What you have to do: Transcribe each entry exactly; skip the images.

Material shown:
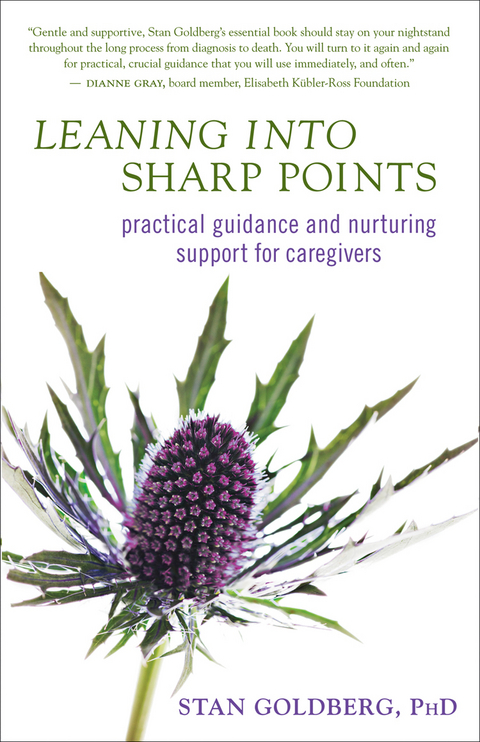 Leaning into Sharp Points - Stan Goldberg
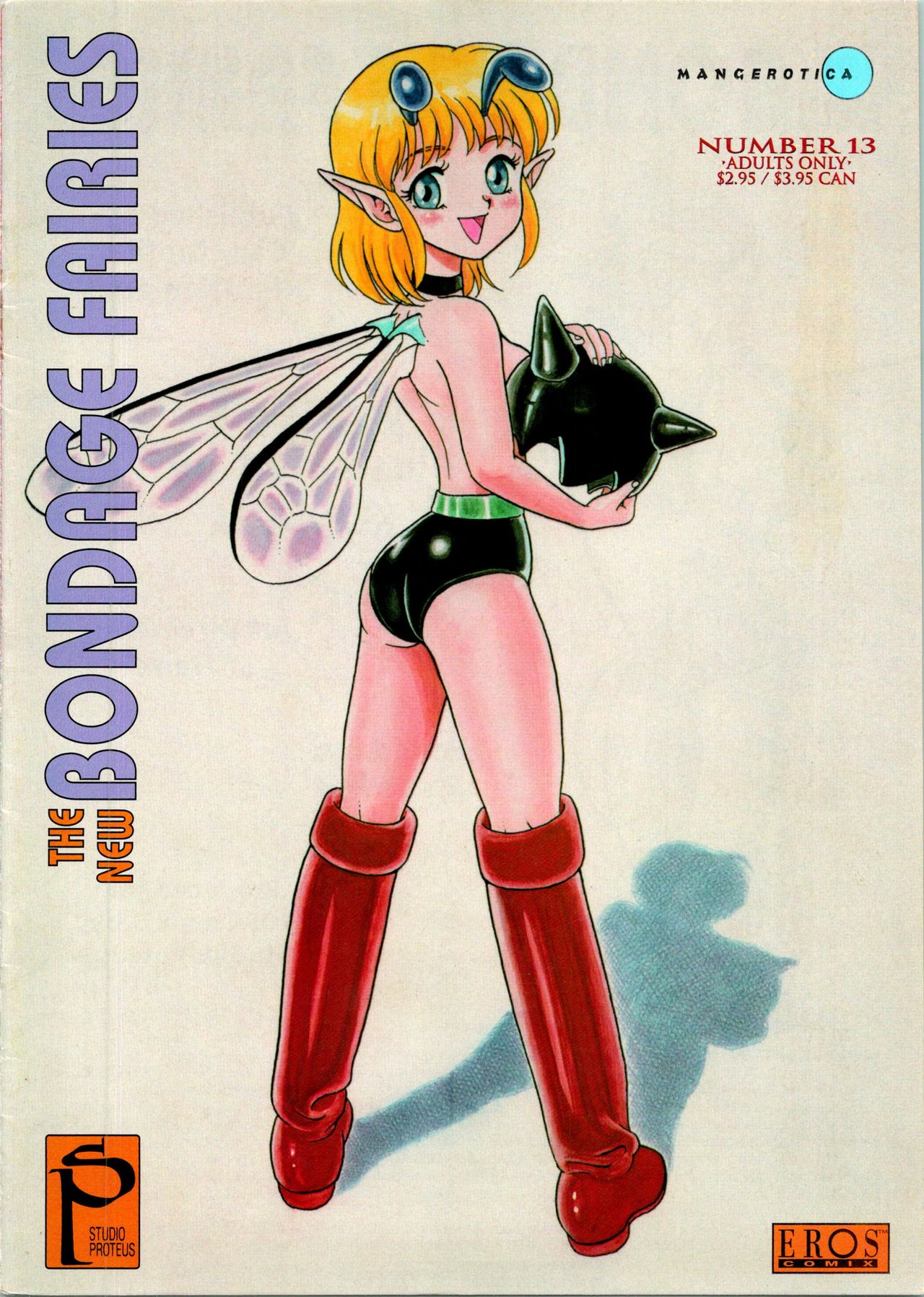 The New Bondage Fairies 13 cover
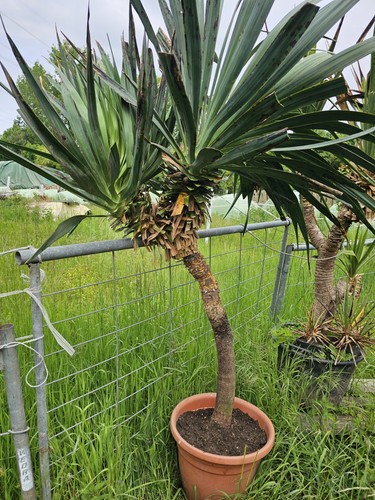 Köpfe yucca - 3,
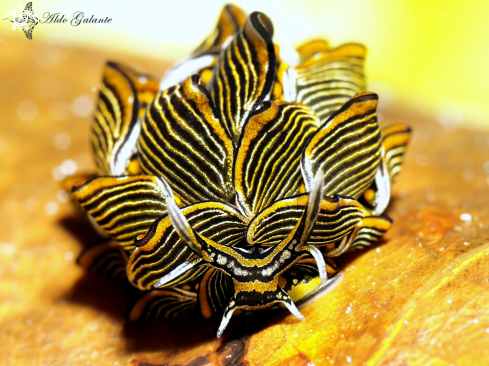 A Tiger butterfly Nudibranch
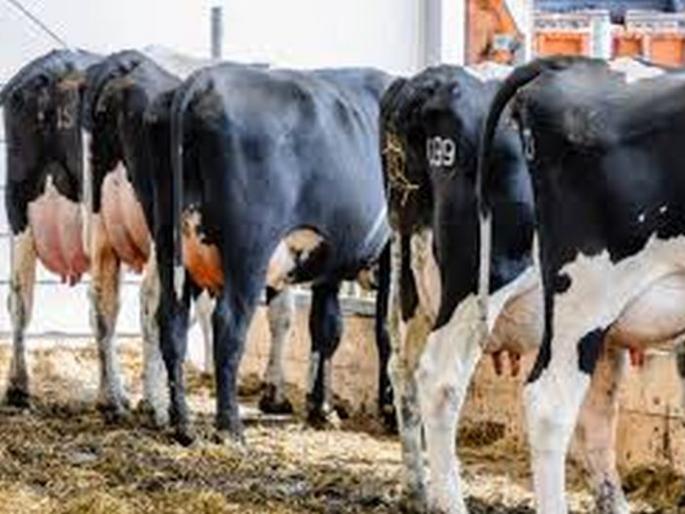 Approval of Infectious Disease Control Program in Cattle! | गुरांमधील संसर्गजन्य आजार नियंत्रण कार्यक्रमास मंजूरी! Approval of Infectious Disease Control Program in Cattle! | गुरांमधील संसर्गजन्य आजार नियंत्रण कार्यक्रमास मंजूरी!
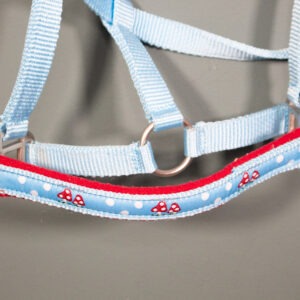 Halfter türkis Fohlen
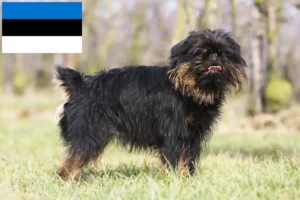 Lees meer over het artikel Belgische dwerg Griffon fokker en pups in Estland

Response box:
 Leaning into Sharp Points - Stan Goldberg
 The New Bondage Fairies 13 cover
 Köpfe yucca - 3,
 A Tiger butterfly Nudibranch
 Approval of Infectious Disease Control Program in Cattle! | गुरांमधील संसर्गजन्य आजार नियंत्रण कार्यक्रमास मंजूरी! Approval of Infectious Disease Control Program in Cattle! | गुरांमधील संसर्गजन्य आजार नियंत्रण कार्यक्रमास मंजूरी!
 Halfter türkis Fohlen
 Lees meer over het artikel Belgische dwerg Griffon fokker en pups in Estland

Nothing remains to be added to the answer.